Wie viele Uhren produziert Rolex im Jahr?
Rolex produziert jährlich etwa 700 000 Stück. Und unsere Geschäftszahlen haben sich in den letzten zwei Jahren stetig erhöht. Dies trotz dem garstigen Umfeld.
Rolex veröffentlicht keine Geschäftszahlen. Wir schätzen den Umsatz auf zwei Milliarden Franken. Liegen wir weit daneben?
Innerhalb einer Bandbreite von 15 bis 20 Prozent ist Ihre Schätzung richtig!

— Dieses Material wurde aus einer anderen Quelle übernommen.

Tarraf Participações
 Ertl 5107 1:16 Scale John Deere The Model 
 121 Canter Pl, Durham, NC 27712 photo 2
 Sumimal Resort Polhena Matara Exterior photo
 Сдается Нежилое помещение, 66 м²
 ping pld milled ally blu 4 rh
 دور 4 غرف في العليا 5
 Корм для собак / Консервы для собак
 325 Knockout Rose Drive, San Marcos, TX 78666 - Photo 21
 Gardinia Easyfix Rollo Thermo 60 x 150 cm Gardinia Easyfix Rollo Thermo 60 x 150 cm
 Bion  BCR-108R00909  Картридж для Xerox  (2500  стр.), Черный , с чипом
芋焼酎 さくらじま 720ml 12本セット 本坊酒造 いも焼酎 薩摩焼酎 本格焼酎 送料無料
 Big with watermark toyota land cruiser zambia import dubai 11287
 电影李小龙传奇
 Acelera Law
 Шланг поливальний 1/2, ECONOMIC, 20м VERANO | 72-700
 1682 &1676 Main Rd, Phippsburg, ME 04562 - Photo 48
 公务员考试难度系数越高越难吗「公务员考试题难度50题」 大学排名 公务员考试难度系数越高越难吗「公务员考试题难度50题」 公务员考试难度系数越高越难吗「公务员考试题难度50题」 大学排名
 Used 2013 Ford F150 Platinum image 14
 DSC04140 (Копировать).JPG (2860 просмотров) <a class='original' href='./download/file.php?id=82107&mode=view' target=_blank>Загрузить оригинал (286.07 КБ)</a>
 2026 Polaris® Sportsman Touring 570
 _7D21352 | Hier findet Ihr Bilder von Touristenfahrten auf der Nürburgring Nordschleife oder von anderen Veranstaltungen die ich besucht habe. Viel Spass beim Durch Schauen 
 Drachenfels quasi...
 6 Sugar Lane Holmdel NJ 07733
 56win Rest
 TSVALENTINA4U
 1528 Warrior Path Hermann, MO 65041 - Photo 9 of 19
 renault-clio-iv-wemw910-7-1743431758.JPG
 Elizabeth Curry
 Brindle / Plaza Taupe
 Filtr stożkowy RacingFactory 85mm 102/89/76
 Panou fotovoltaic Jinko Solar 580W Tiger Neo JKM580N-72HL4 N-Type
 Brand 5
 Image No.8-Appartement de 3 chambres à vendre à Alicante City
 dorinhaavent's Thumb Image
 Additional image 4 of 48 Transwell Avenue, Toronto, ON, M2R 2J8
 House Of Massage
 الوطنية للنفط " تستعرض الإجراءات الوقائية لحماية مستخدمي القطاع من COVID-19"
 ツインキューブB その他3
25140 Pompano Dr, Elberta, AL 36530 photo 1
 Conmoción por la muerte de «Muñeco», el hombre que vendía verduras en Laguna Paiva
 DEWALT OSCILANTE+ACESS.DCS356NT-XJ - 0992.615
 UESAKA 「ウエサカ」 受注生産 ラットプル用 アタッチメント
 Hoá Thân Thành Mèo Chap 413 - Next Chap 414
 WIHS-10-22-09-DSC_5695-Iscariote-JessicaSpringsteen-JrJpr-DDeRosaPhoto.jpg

Gerüchte besagen zudem, dass die Uhrenproduktion nur einen schwachen Anteil am Ertrag von Rolex habe. Den grössten Teil trügen die Einkünfte aus Finanzprodukten und Immobilien bei. Stimmt das?
Das ist falsch. Auch wenn Rolex in der Tat gewisse – relativ wichtige – Aktivitäten mit Mobilien und Immobilien verzeichnet, weise ich Sie darauf hin, dass diese im Zuge unseres Handelns mit dem Verkauf von Uhren entstanden sind. Die Uhrensparte läuft gut und hat es uns stets ermöglicht, wieder in der Uhrenherstellung zu investieren. Wir haben aber beispielsweise einiges an der Börse angelegt. Doch wer hat in diesem allgemeinen Börsenabschwung zuletzt nicht verloren?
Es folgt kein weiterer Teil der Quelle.